AVAILABLE DATA Block Start

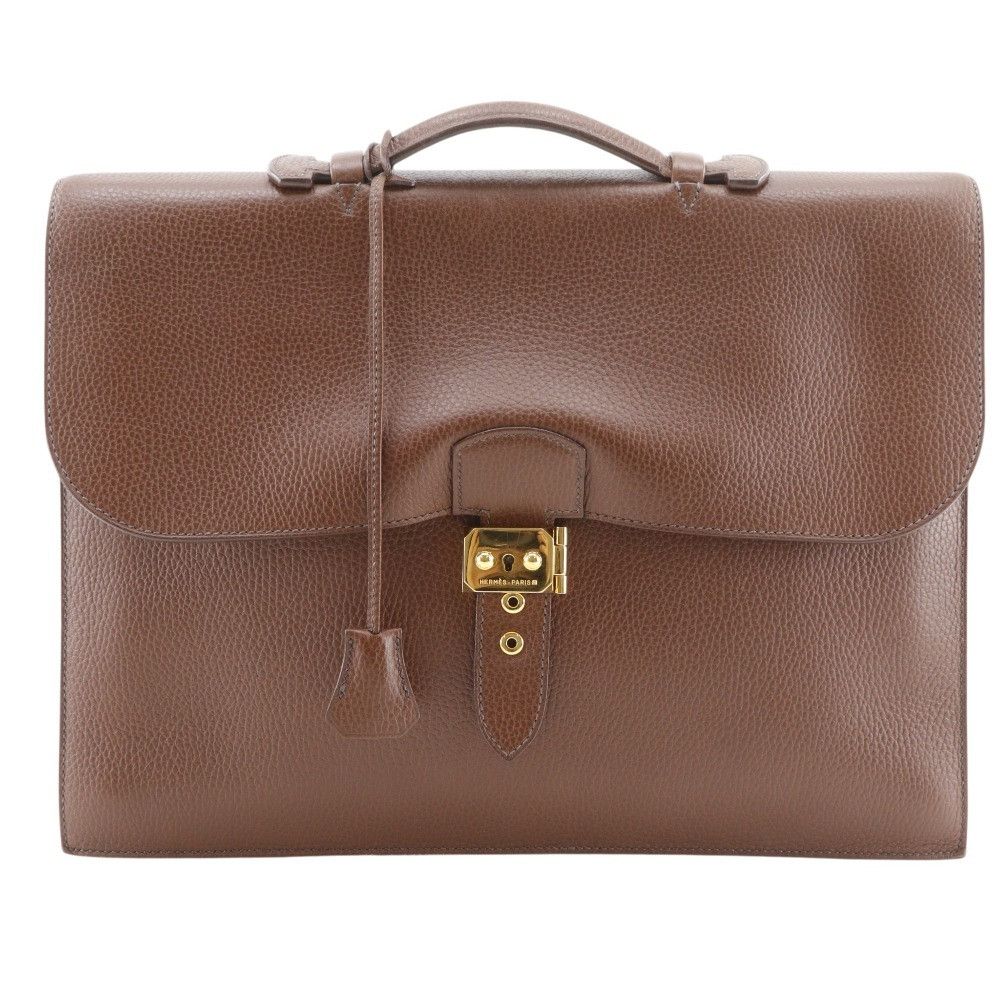 Hermes Hermes Hermes Sac a Depeches38 Fjord briefcase Leather Business Bag C DUTY FREE for USA Size ONE SIZE - 1 Thumbnail
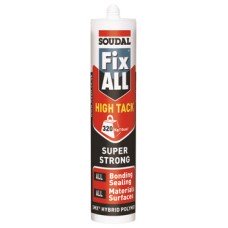 Super Strong Sealant and Adhesive SMX Hybrid Polymer Tube 290 ml Soudal Fix All High Tack Strong initial grab Black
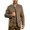 A#Khaki640, variant on Men's Mandarin Brass Button Wool Blazers Full Tailored Tops Gathering Tees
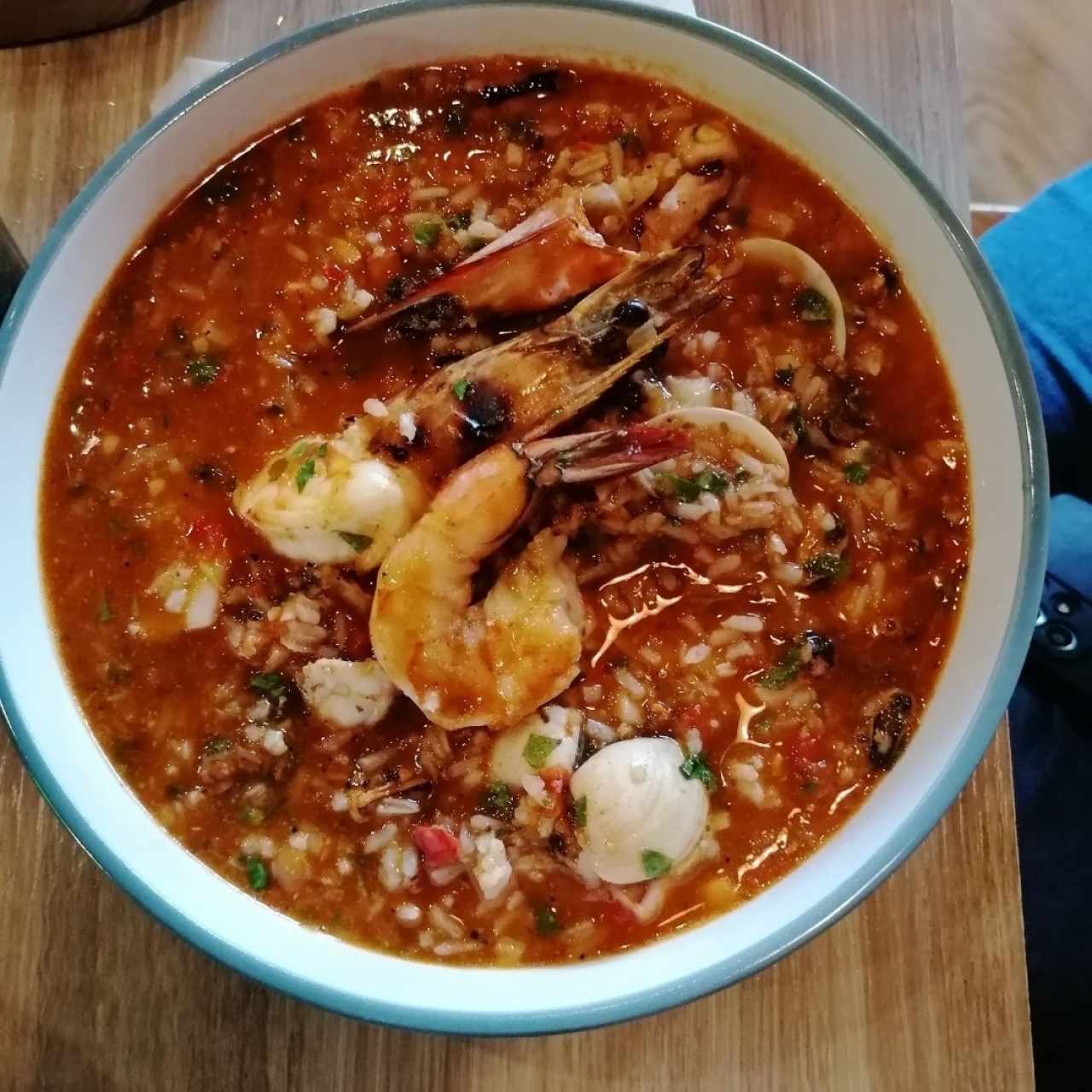 guacho de mariscos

AVAILABLE DATA Block End

Copy out all of the material exactly as written, without its pictures.

 Hermes Hermes Hermes Sac a Depeches38 Fjord briefcase Leather Business Bag C DUTY FREE for USA Size ONE SIZE - 1 Thumbnail
 Super Strong Sealant and Adhesive SMX Hybrid Polymer Tube 290 ml Soudal Fix All High Tack Strong initial grab Black
 A#Khaki640, variant on Men's Mandarin Brass Button Wool Blazers Full Tailored Tops Gathering Tees
 guacho de mariscos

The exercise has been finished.